We will sample K points from P(X) and directly estimate the expectation of f(X) as follows:
\begin{equation}
E[f(X)] \approx \frac{\displaystyle \sum _{i=1}^ K f(X_ i)}{K}
\end{equation}

Note for model based approach(which we do not use), we estimate p(x) using the count and $E[f(X)] \approx \displaystyle \sum \hat{p(x)} f(x)$

## Naive Q-value iteration for RL
We will get many different sample, assume from start from state S, we perform k times action a. 
\begin{align}
sample_1 &: R(s,a,s_1') + \gamma \max_{a'}Q(s_1',a') \\
\dots \\
sample_k &: R(s,a,s_k') + \gamma \max_{a'}Q(s_k',a') \\
Q(s,a) & = \frac{1}{k} \sum_{i=1}^k sample_i = \frac{1}{k} \sum_{i=1}^k (R(s,a,s_i') + \alpha \max_{a'} Q(s_i',a'))
\end{align}

### Exponential running average instead of average
\begin{equation}
\bar{X}_n = \frac{X_n + (1-\alpha)X_{n-1} + (1-\alpha)^2X_{n-2} + ...}{1+(1-\alpha)+(1-\alpha)^2 + ...}
\end{equation}
Equivalently
\begin{equation}
\bar{X}_n = \alpha X_n + (1-\alpha)\bar{X}_{n-1}
\end{equation}

## New Q-value iteration for RL
\begin{align}
Q_{i+1}(s,a) & = \alpha \cdot sample  + (1-\alpha)Q_{i}(s,a) \\
sample_1 &: R(s,a,s') + \gamma \max_{a'}Q_i(s',a') \\
\end{align}

### Actual implementation
1. Initialization: $Q(s,a) = 0, \forall s,a$
2. Iterate until convergence  
    a. Collect samples $s,a,s',R(s,a,s')$  
    b. $Q_{i+1}(s,a) = \alpha \cdot (R(s,a,s') + \gamma \max_{a'}Q_i(s',a'))  + (1-\alpha)Q_{i}(s,a)$

The 2b, is equivalent to $Q_{i+1}(s,a) = Q_{i}(s,a) + \alpha(R(s,a,s') + \gamma \max_{a'}Q_i(s',a') - Q_{i}(s,a))$, which is similar to a stochastic descent method

## Exploration vs Exploitation 
Exploration is about trying out actions that have been under examined and visiting states that were never visiited before or visited less often. Exploitation means taking the optimal action wrt current knowledge about environment. Making the best move(policy action).  

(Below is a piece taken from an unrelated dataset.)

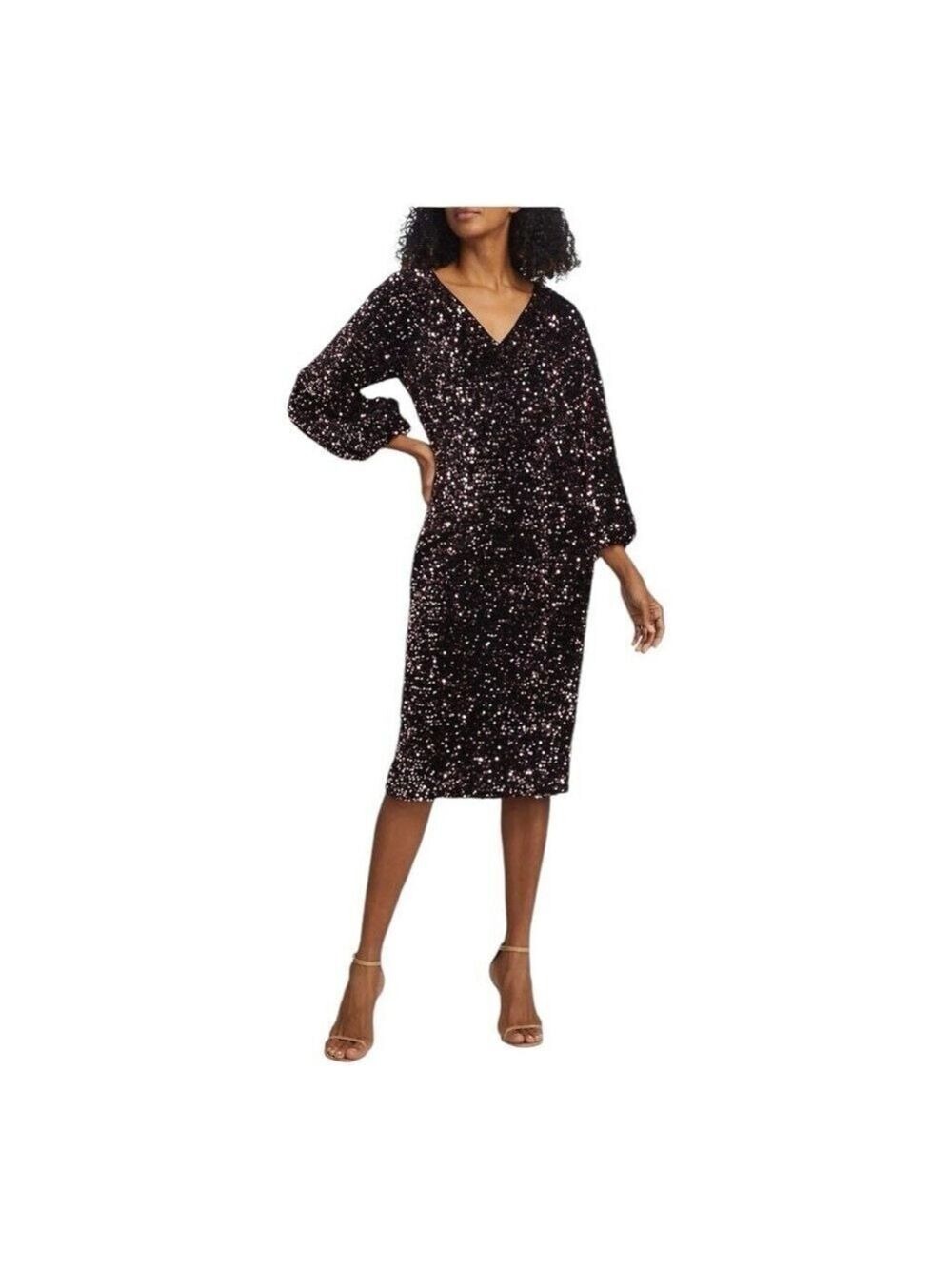 Elie Tahari The Robin Rouge Pink Sequined Sheath Dress Size 12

### Epsilon greedy approach
Randomly sample with probability $\epsilon$ and choose best move(exploitation) with prob $1-\epsilon$. It will Start with 1 and slowly decreases. Late game we tend to make the right move than explore.



# Project
In this project, we address the task of learning control policies for text-based games using reinforcement learning. In these games, all interactions between players and the virtual world are through text. The current world state is described by elaborate text, and the underlying state is not directly observable. Players read descriptions of the state and respond with natural language commands to take actions.